By: , July 30, 2013 1:18 pm
Room: Moderated Discussions
Paul A. Clayton (paaronclayton.delete@this.gmail.com) on July 30, 2013 11:03 am wrote:
> Sebastian Soeiro (sebastian_2896.delete@this.hotmail.com) on July 30, 2013 9:34 am wrote:
> > Just a quick question; wondering if anyone could help me out.
> >
> > In most architectures, where is the TLB for the RAM held? I used to think it took a small partition
> > of the RAM itself as the TLB, but further reading makese doubt it's exact location.
> >
> > Can anyone tell me where the TLB for the RAM is located?
>
> Page tables are located in main memory. TLBs are caches of these page tables providing low latency
> and high throughput access to translation (and permission) information. In order to provide such performance,
> they are located close to the processor core and use faster memory technology than DRAM.
>
> Because TLBs are caches, requests for translation information can miss, requiring the loading of
> this information from the page table in memory. (This loading can be done automatically by hardware--as
> in x86, ARM, and version 5 of MIPS--by generating an exception which is handled by software--as in
> earlier versions of MIPS--or by a combination of the two mechanisms--as in at least some implementations
> of Itanium which only handle a single step of page table look-up in hardware.)
>
> Complicating this description, there is a concept called a software TLB in which a portion of main
> memory caches part of the page table. Software TLBs allow an architecture to define a specific format
> for an in-memory table from which hardware can load entries into the hardware TLBs without forcing
> operating systems to use this format for the entire page table. To provide faster access, they typically
> provide a look-up mechanism with fewer dependent steps than multi-level page tables or linear page
> tables. (The software TLB technique has also been used for software-loaded [hardware] TLBs.) Software
> TLBs are somewhat out of fashion for a variety of good (and some more incidental) reasons.
>
> Anyway, (non-software) TLBs are associated with the other caches of a processor and are not in main memory.

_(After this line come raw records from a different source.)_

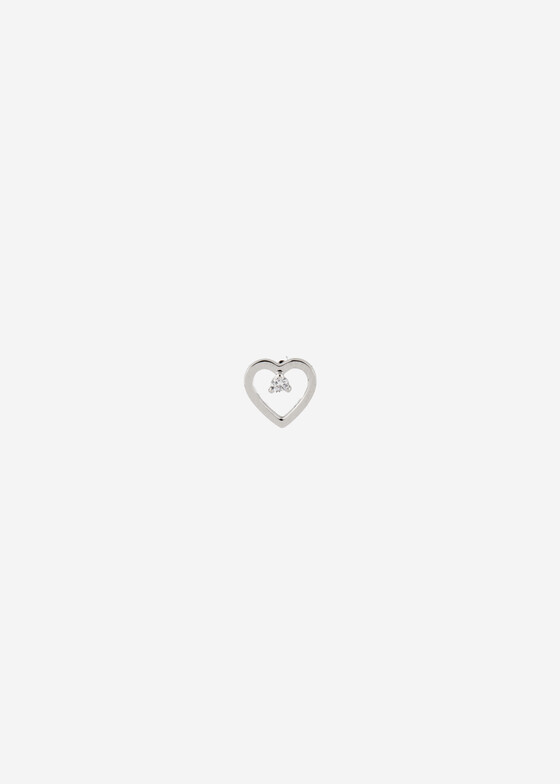 Пирсинг AURIS Топ для пирсинга из платины Amour Gemmed
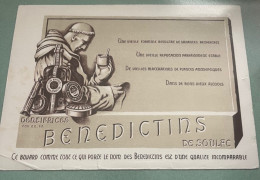 Buvard Bénédictins De Soulac - Liquor & Beer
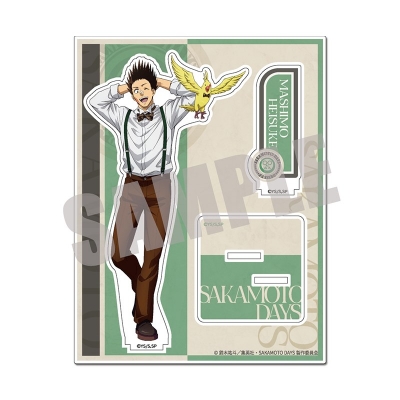 【グッズ-スタンドポップ】SAKAMOTO DAYS ビッグアクリルスタンド 眞霜 平助 Dress up ver.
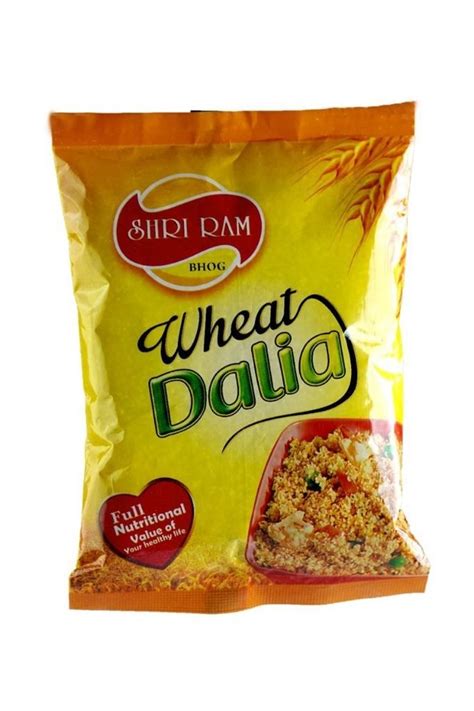 Organic Wheat Dalia Packaging Size 400g At Rs 15 Packet In Moga ID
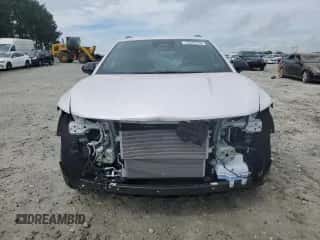 2025 Chevrolet Equinox EV RS с VIN 3GN7DSRP8SS171113, выставлен на аукционе Copart как лот 55507755 с пробегом 2 279 миль миль и Списание • Salvage title. История ставок и продаж доступна на DreamBid. Изображение 5.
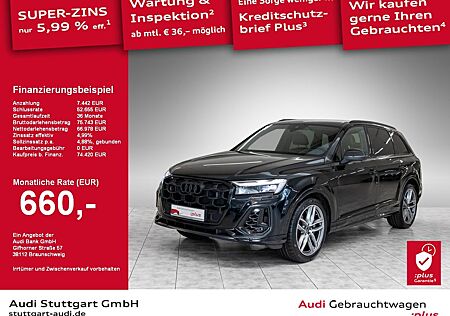 Audi Q7 SUV TFSI e S line 55 TFSI e quattro tiptronic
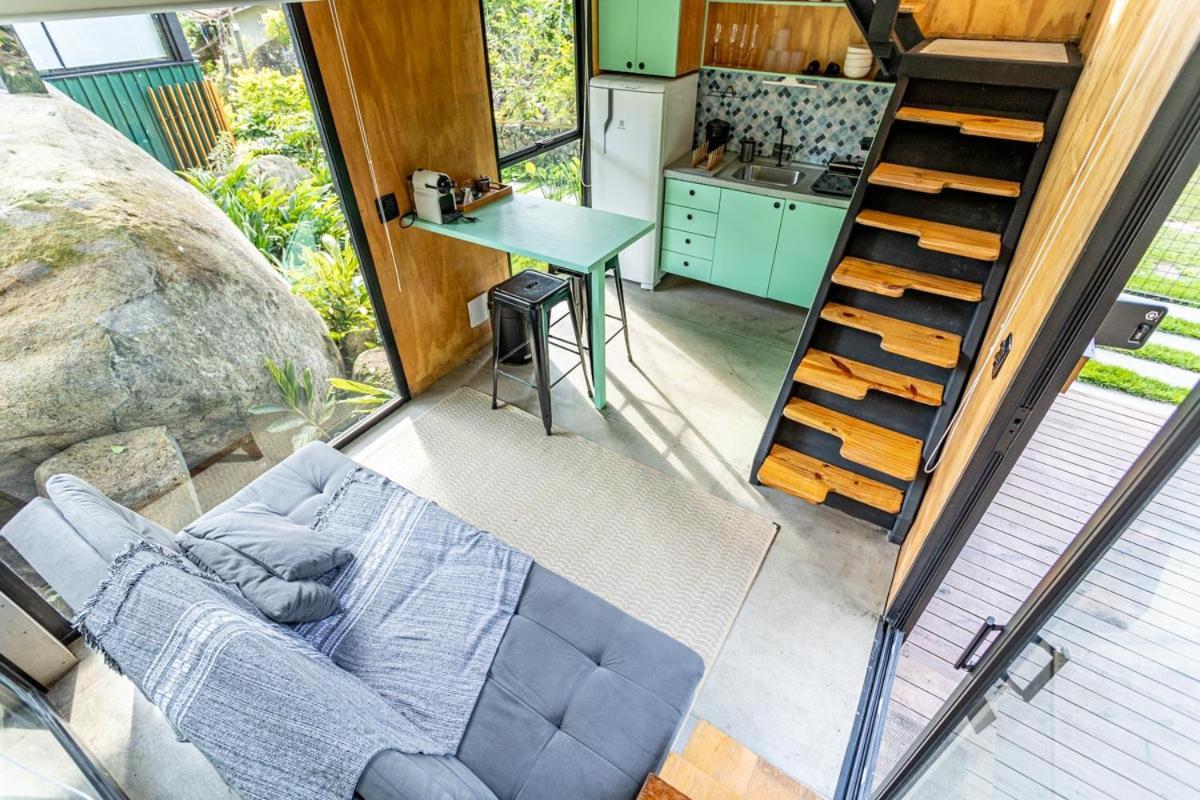 Casa Natu Ilhabela Studio Feiticeira com Jacuzzi Exclusiva Esterno foto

Thank you very much for your answer,
So page tables are stored in memory and there are TLBs to manage those tables currently being used it seems.
Just to clarify, this explanation is only for the TLB for the main memory, right? The L1DTLB or L3 TLB have no knowledge of whats going on in main memory, correct?
Also, if the TLB is on-die; where is it? Is it integrated into the IMC or another location?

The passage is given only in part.